In every journey there are moments when we feel like turning back.  We are jogging, early in the day, and feet are heavy and lungs are burning:  maybe we will go back to bed.  You are part way into a history of early America, and the pages are blurring and the narrative becomes unclear:  maybe we should just go out for a while.   You have a report due tomorrow, or a presentation in business, and the needed inspiration for the moment needs inspiration, but none comes:  maybe another visit to the refrigerator or cookie jar will help.  Your business or career, your school or community, your church or your country have made some progress over some time but the way forward appears to be longer and rockier than you thought:  maybe we should just turn around.

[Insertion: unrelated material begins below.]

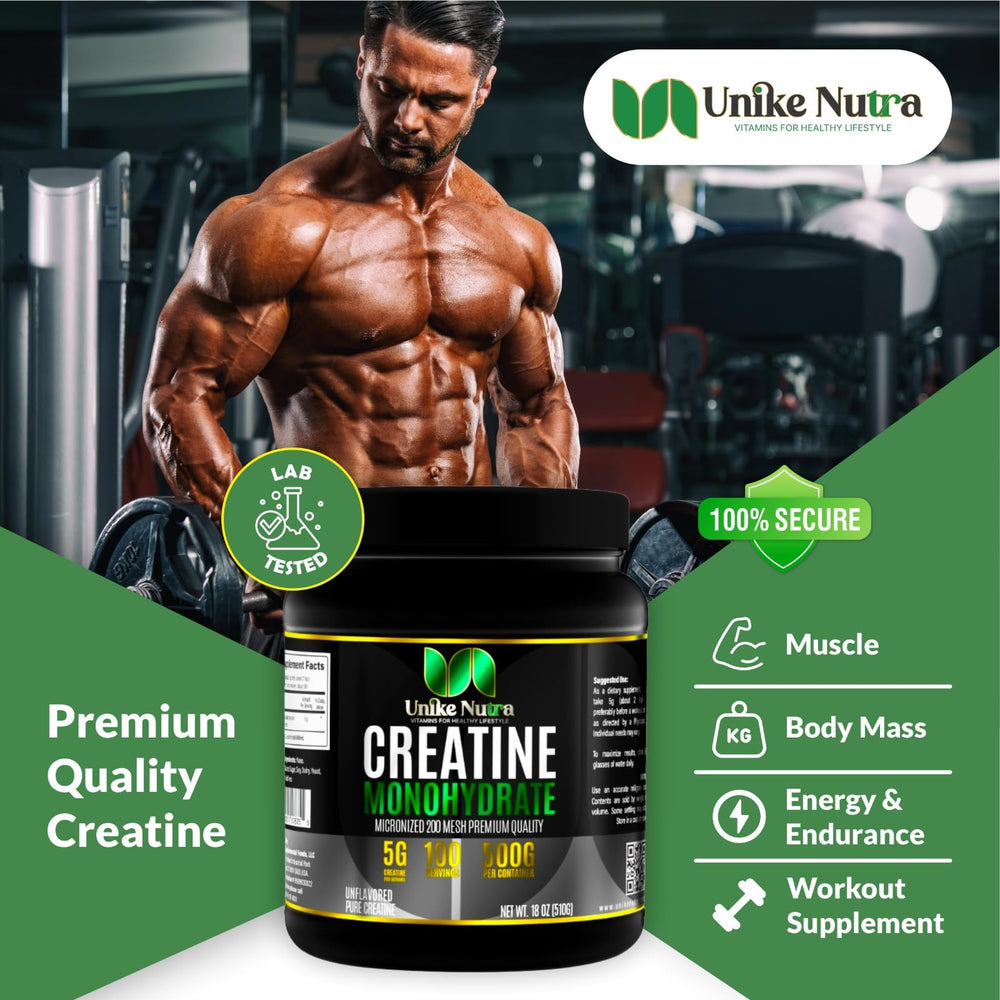 Unike Nutra Creatine Monohydrate crystals show purity and fast solubility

Underneath the lassitude of such a moment there may lurk a suspicion that this current course is not part of God’s generous grace.   Were not things simpler, better, easier at home?  Are there not serious wrongs in the current environment?  Perhaps I should look at some other setting?  Early in a new job we can feel so.  During the first several weeks of college or graduate school we can be acquainted with this dour perspective.  When the hard foundation work of building—a house, a project, a campaign, a fund drive, a relationship—makes the back muscles weary, we can start to feel overwhelmed.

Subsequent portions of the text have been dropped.